Entre los años 1959 y 1960 se reformó el régimen de los niveles secundario y superior. La reforma tuvo dos aspectos. Por una parte, el decreto 12.179/60 implantó el llamado “régimen de gestión propia” que, entre otras cosas, reemplazó el sistema de exámenes ante tribunales mixtos por el de exámenes ante tribunales del propio establecimiento. Por otra, el decreto 7.728/59 y sus modificatorios (N° 9.247/60 y N° 2.704/68) reemplazaron la incorporación y supervisión de establecimiento a establecimiento por la incorporación y supervisión centralizadas, a cargo de un organismo denominado sucesivamente —por los decretos citados— Dirección General de Enseñanza Privada, Servicio Nacional de la Enseñanza Privada y Superintendencia Nacional de la Enseñanza Privada. Dichos establecimientos se rigen desde 1964 por el “Régimen de incorporación de los institutos privados a la enseñanza oficial”, aprobado por el decreto N° 371/64.


En 1968, la reforma se extendió a los niveles primario y preprimario. El decreto 5.923/68 dispuso al respecto dos medidas: por una parte, el reemplazo del sistema de fiscalización (ley 1.420) por el de incorporación (decreto 371/64); y, por otra, la supervisión de los establecimientos primarios y preprimarios privados por la actual Superintendencia Nacional de la Enseñanza Privada (en lugar del Consejo Nacional de Educación).


Régimen legal y supervisión quedaron así unificados en todos los niveles expresados.

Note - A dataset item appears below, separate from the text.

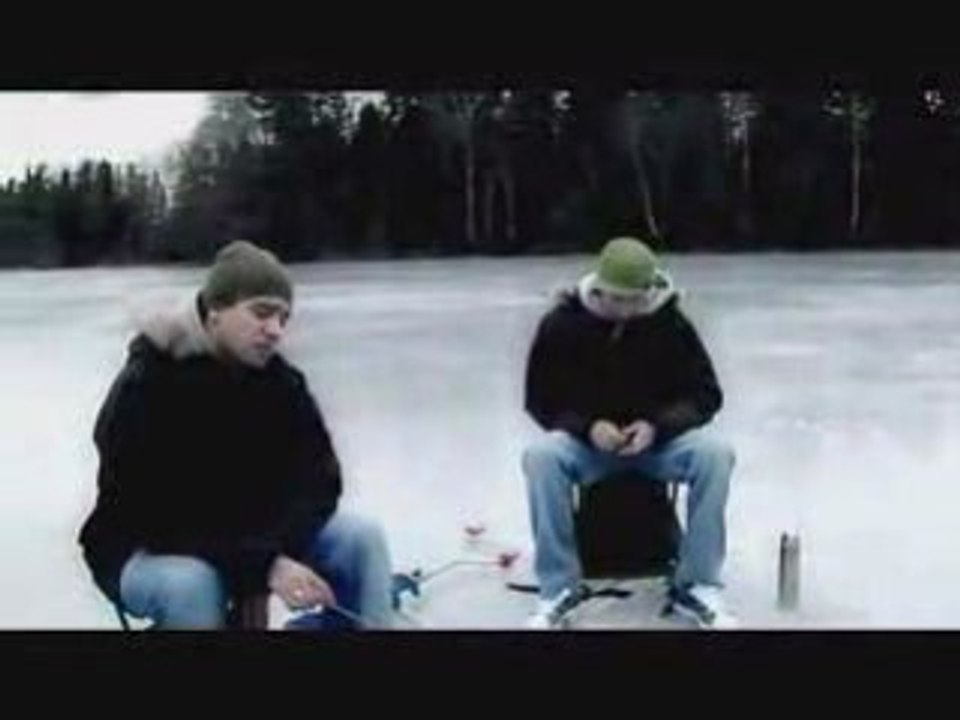 Diaz - Mitt Stille Vann 2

El decreto 371/64, actualmente vigente en dichos niveles declara en su artículo 1° que “la incorporación es el medio por el cual el Estado reconoce la enseñanza que imparten los institutos privados de nivel medio y superior, de acuerdo con planes aprobados oficialmente”, y en su artículo 4° establece que la incorporación faculta al instituto de enseñanza privada para “matricular, calificar, promover, otorgar pases, certificados y diplomas y aplicar el régimen disciplinario y de asistencia de los alumnos, de acuerdo con las normas que dicte el Ministerio...”.


c) En el aspecto técnico-pedagógico propiamente dicho, la ley 13.047 no introdujo modificación alguna. Ella presupone la aplicación de los planes oficiales (o planes aprobados oficialmente, como dice el decreto 371/64). Los decretos 8.061/67 y 940/72 abrieron la posibilidad de proponer planes alternativos a los de carácter general; y hasta el momento hay más de 20 planes de nivel secundario aprobados oficialmente por esa vía, a propuesta de establecimientos privados. Si bien este número es importante, el de los establecimientos que lo aplican resulta muy poco significativo, pues casi todos los establecimientos privados optan por aplicar directamente los planes, de los establecimientos oficiales.


Hasta aquí se han considerado las transformaciones del régimen legal de los establecimientos educativos privados originadas en la ley 13.047. Hay, como ya se señaló, otros cuerpos legales de similar importancia, gracias a los cuales la iniciativa privada pudo acceder, entre 1955 y 1958, al nivel superior, que hasta entonces le había estado vedado. En efecto:


a) El artículo 28 del decreto-ley 6.403/55 admitió, por primera vez, la existencia de universidades libres o privadas, con capacidad para otorgar títulos profesionales, régimen que fue completado y perfeccionado por las leyes 14.557, del año 1958, y 17.604, del año 1967.


b) Por su parte, el decreto 4.857/58, ratificado por el 371/64, extendió a los establecimientos terciarios de formación de profesores el régimen de incorporación y supervisión vigente en la enseñanza secundaria privada.


En la práctica, al amparo de esta legislación, vastos sectores de la comunidad argentina promueven y organizan con dinamismo notorio escuelas y universidades inspiradas en sus propias concepciones pedagógicas. En la enseñanza primaria y en la universitaria, estos establecimientos tienen aproximadamente el 18% de la matrícula respectiva y en la enseñanza pre-primaria, secundaria y terciaria no universitaria, el 30% (con un pico del 36% en el bachillerato y en la modalidad comercial).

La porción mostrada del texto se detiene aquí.